***** Data
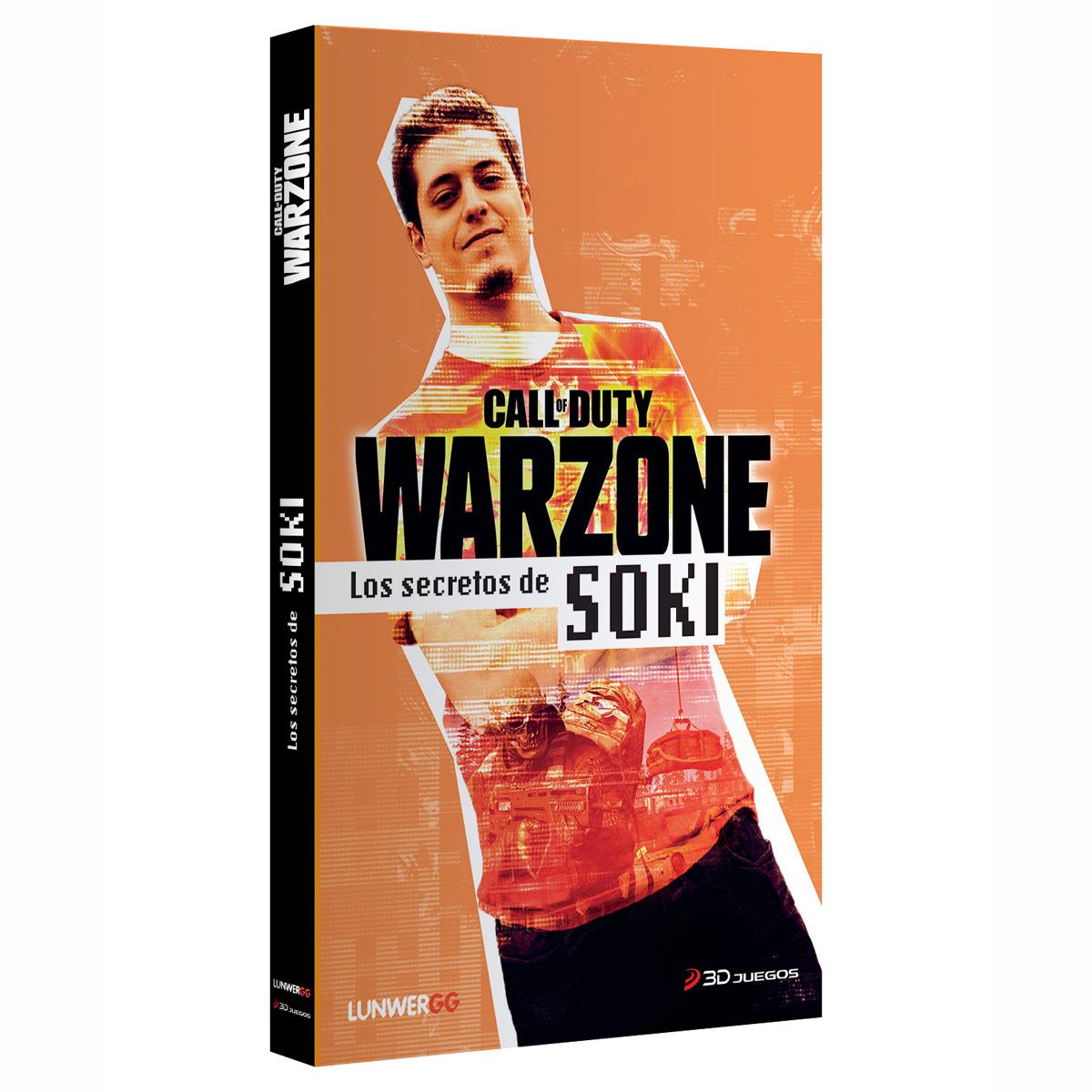 Warzone. Los secretos de Soki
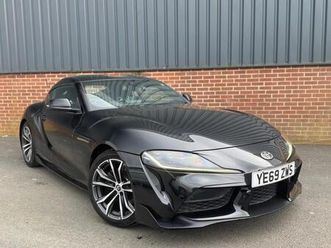 2.0t gr pro coupe 3dr petrol auto euro 6 (start/stop) (258 ps)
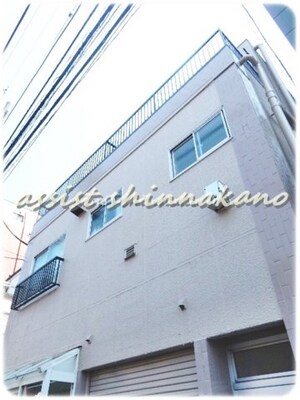 日昇ハイム外観写真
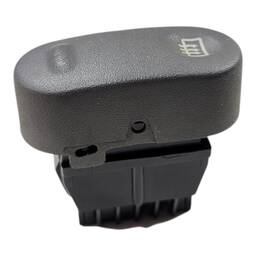 BOTÃO DESEMBARGADOR VIDRO TRASEIRO RENAULT CLIO 2010 A 2017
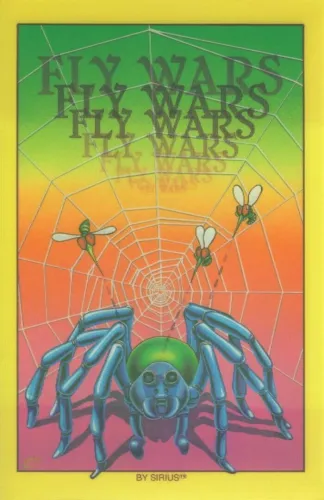 Portada de Fly Wars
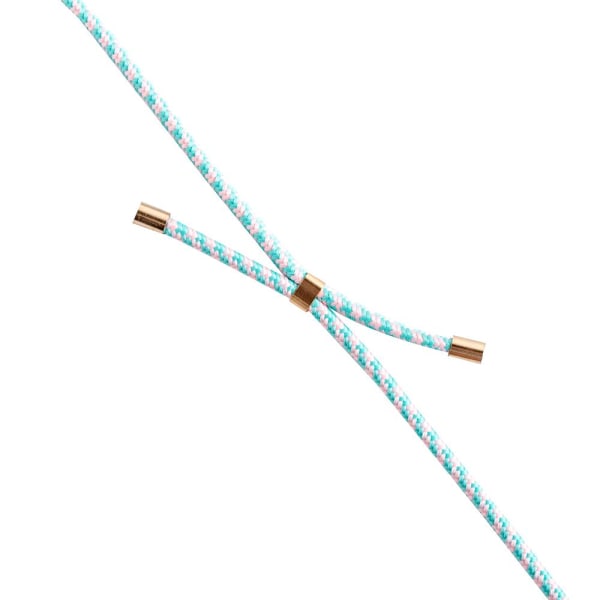 Boom Galaxy S20 mobil halskæde etui - Rope MintWhite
**********
- Brief: Only the lines from the line with "BOTÃO DESEMBARGADOR VIDRO" through the end of the entries above, copied exactly and with both ends included, belong in the response; the pictures do not.

- Answer to the problem:
 BOTÃO DESEMBARGADOR VIDRO TRASEIRO RENAULT CLIO 2010 A 2017
 Portada de Fly Wars
 Boom Galaxy S20 mobil halskæde etui - Rope MintWhite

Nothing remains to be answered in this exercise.